Communiqué de presse - Régulation

Arcep

Projet de loi « DDADUE » et compétences de l’Arcep : l’Arcep publie son avis au Gouvernement


Le projet de loi portant diverses dispositions d’adaptation au droit de l’Union européenne (DDADUE) présenté en conseil des ministres le 10 novembre 2025, sera examiné prochainement par les assemblées[1]. Il confie de nouvelles missions à l’Arcep pour la mise en œuvre du règlement sur les données (Data Act) et vise à réduire le coût et les délais du déploiement de réseaux de communications électroniques en application du règlement sur les infrastructures gigabit (« Gigabit Infrastructures Act »). L’Arcep rend public son avis sur ces dispositions du projet de loi[2].

Autorité compétente pour la mise en œuvre du règlement sur les données (Data Act), l’Arcep devrait voir s’étendre ses missions en matière de partage de données, ainsi que ses pouvoirs d’enquête, de sanction et de règlement des différends 

Le projet de loi DDADUE s’inscrit dans le prolongement de l’adoption de la loi visant à sécuriser et réguler l’espace numérique (dite « loi SREN »)[3] qui a désigné l’Arcep comme autorité compétente pour la régulation des prestataires de service d’intermédiation de données et lui a attribué, en anticipation de l’application du règlement sur les données, des compétences pour la régulation des services d’informatique en nuage (cloud). 

Au-delà de la régulation des services d’informatique en nuage, le règlement sur les données établit un cadre pour favoriser l’accès et la circulation des données entre entreprises et consommateurs, et entre entreprises, notamment dans le contexte du marché de l’internet des objets. Il introduit également des mesures visant à promouvoir l’élaboration de normes d’interopérabilité pour le partage des données. 

Pour veiller à la bonne application de ce règlement, le projet de loi attribue à l’Arcep des pouvoirs d’enquête et de sanction en cas de manquement aux obligations prévues par le règlement. Le projet de loi attribue également à l’Arcep un pouvoir de règlement des différends s’agissant de certaines dispositions du règlement.

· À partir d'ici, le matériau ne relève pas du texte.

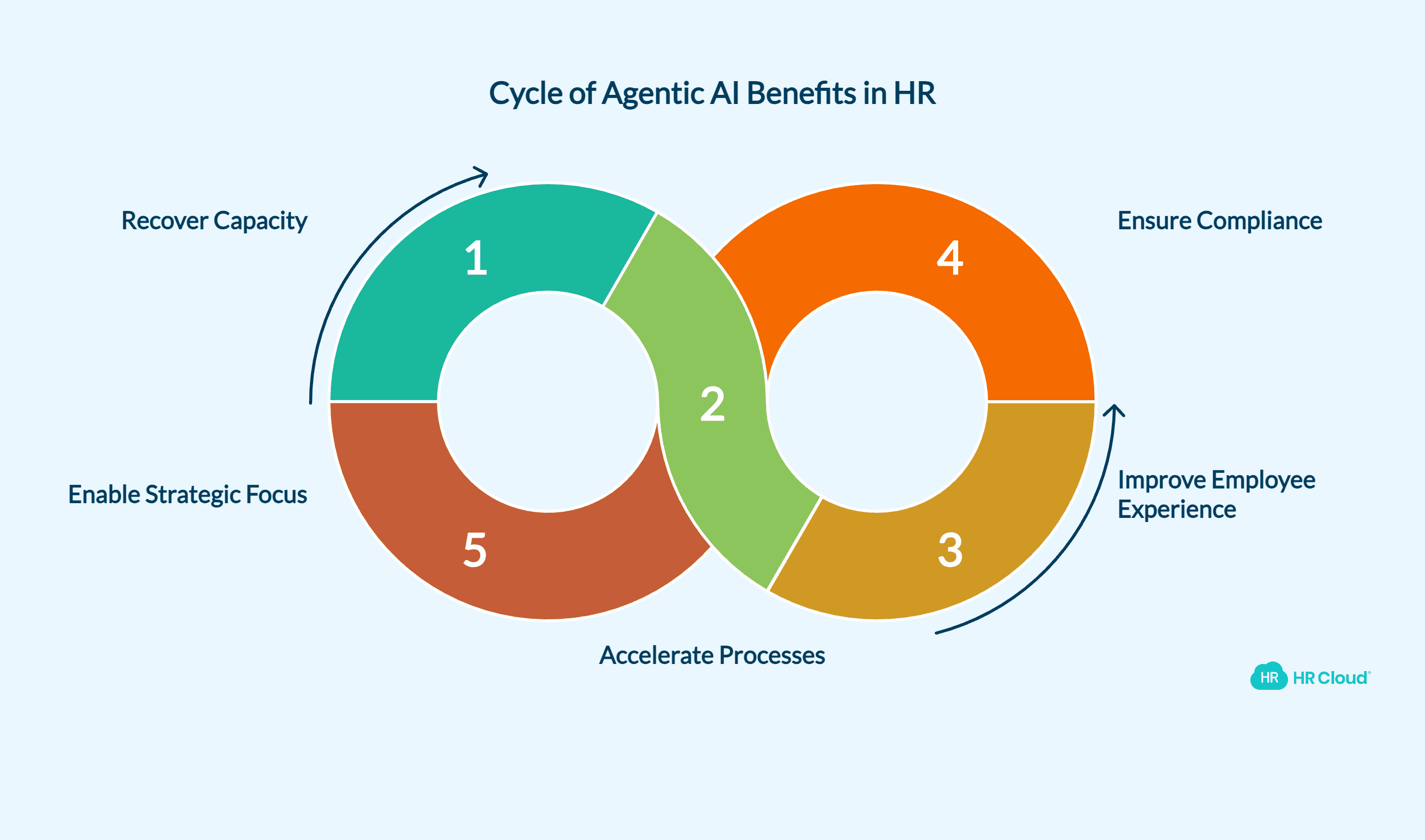 Benefits of Agentic AI for Mid-Size HR Teams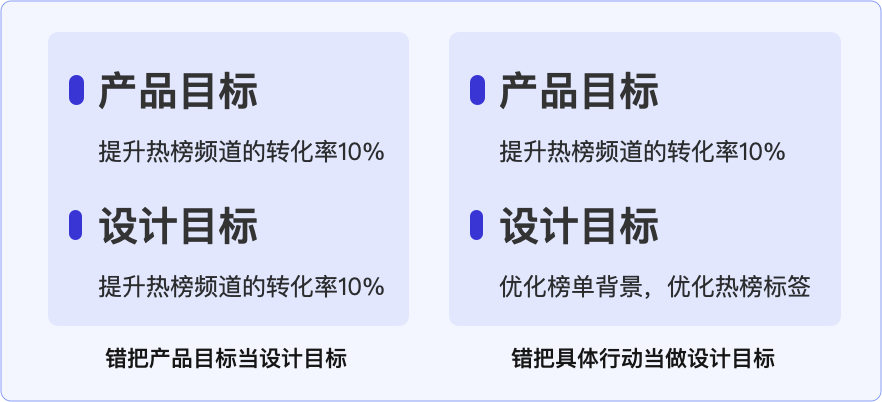 【设计目标】手把手教你制定设计目标和设计策略 - 图2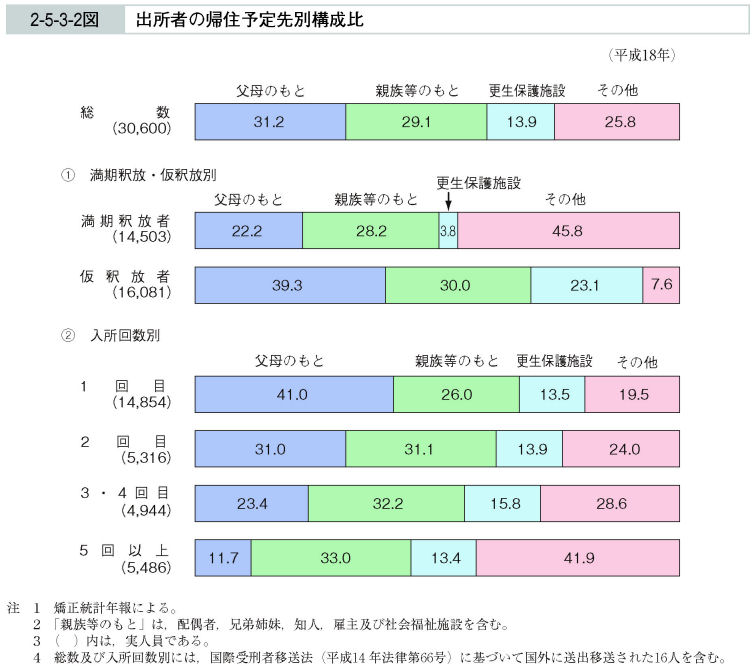 2-5-3-2図　出所者の帰住予定先別構成比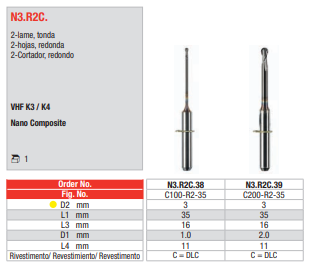 CAD/CAM 2-hojas, redonda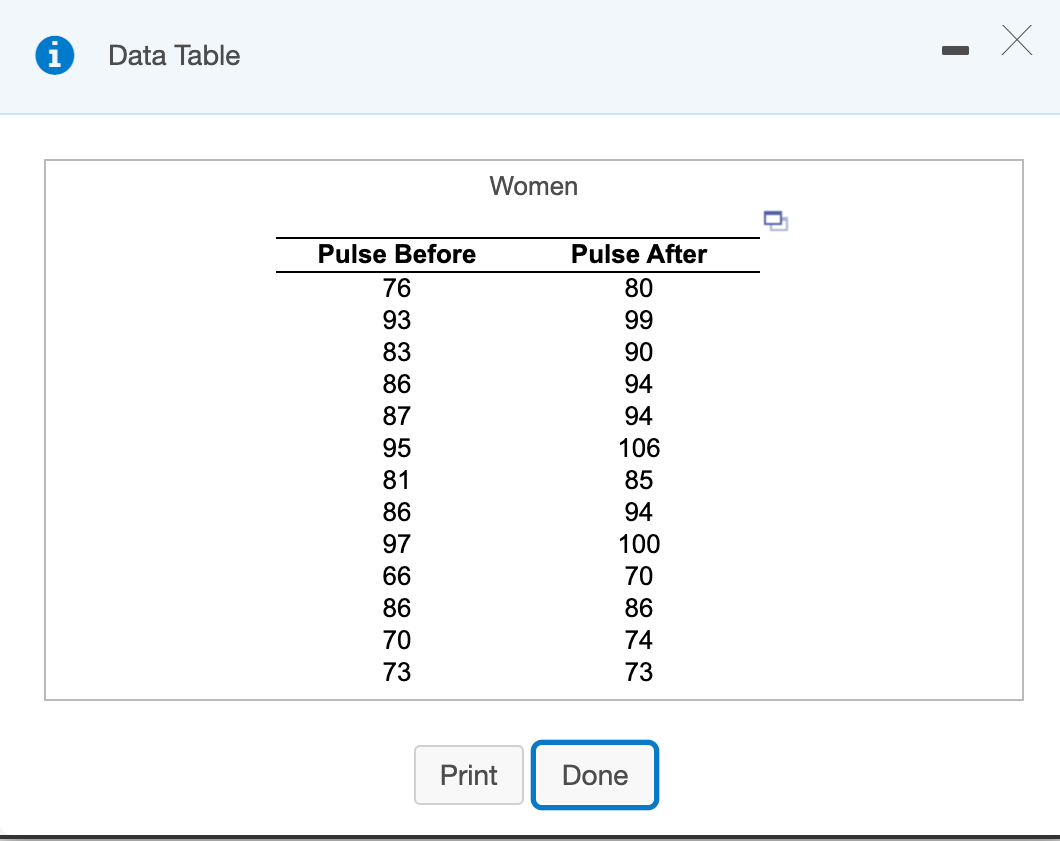 i
Data Table
Women
Pulse Before
Pulse After
76
80
93
99
83
90
86
94
87
94
95
106
81
85
86
94
97
100
66
70
86
86
70
74
73
73
Print
Done
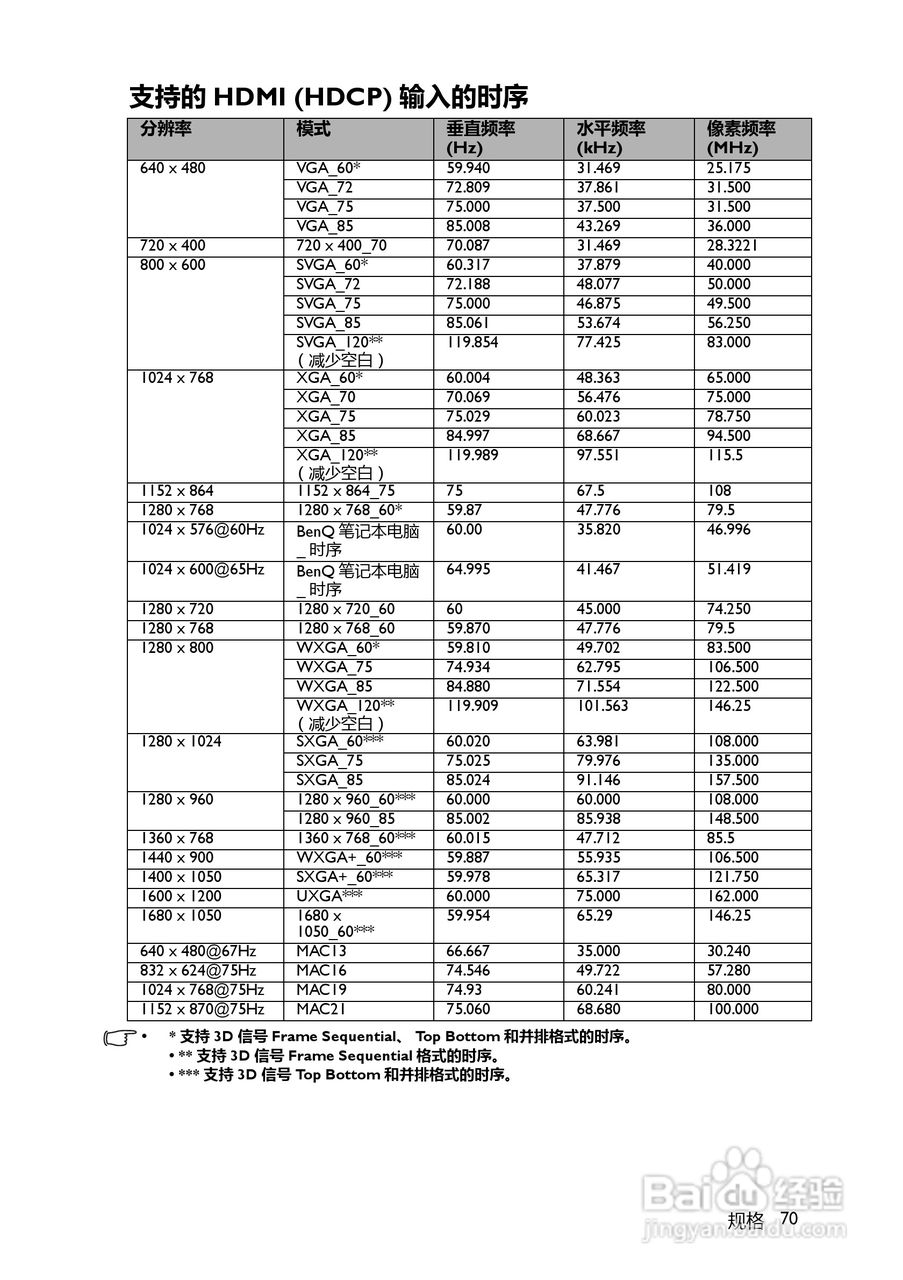 BenQ BW5628投影机使用说明书:[7]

L’Arcep mobilisera l’expérience acquise depuis l’adoption de la loi SREN et poursuivra sa coordination étroite avec les différentes parties prenantes et l’ensemble des autorités concernées au niveau national, ainsi que l’EDIB (European Data Innovation Board - comité européen pour l’innovation sur les données) et le BEREC (Board of European Regulator of Electronic Communication –le groupe des régulateurs européens des télécoms), pour une mise en œuvre cohérente du règlement sur les données.

Réduction des coûts et délais de déploiement des réseaux en application du règlement sur les infrastructures gigabit (« Gigabit Infrastructures Act »)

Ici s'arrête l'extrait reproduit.